### DIRECTIONS FOR THIS TASK:
Once the line containing "Artistic 3D Floral" is found in the entries below, reproduce it and every line after it, stopping at and including the line containing "สําหรับ Amazfit T-Rex 3 Band"; reproduce nothing else, and keep each line exact.

### SOURCE DATA:
§
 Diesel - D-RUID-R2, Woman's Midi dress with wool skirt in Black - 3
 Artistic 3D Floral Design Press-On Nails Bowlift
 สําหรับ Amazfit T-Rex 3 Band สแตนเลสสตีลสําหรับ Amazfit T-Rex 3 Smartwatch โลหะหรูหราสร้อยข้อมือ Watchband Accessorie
§
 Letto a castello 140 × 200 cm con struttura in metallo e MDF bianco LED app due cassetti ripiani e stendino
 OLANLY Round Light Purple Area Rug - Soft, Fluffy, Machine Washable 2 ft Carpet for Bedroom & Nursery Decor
§
### TASK RESPONSE:
 Artistic 3D Floral Design Press-On Nails Bowlift
 สําหรับ Amazfit T-Rex 3 Band สแตนเลสสตีลสําหรับ Amazfit T-Rex 3 Smartwatch โลหะหรูหราสร้อยข้อมือ Watchband Accessorie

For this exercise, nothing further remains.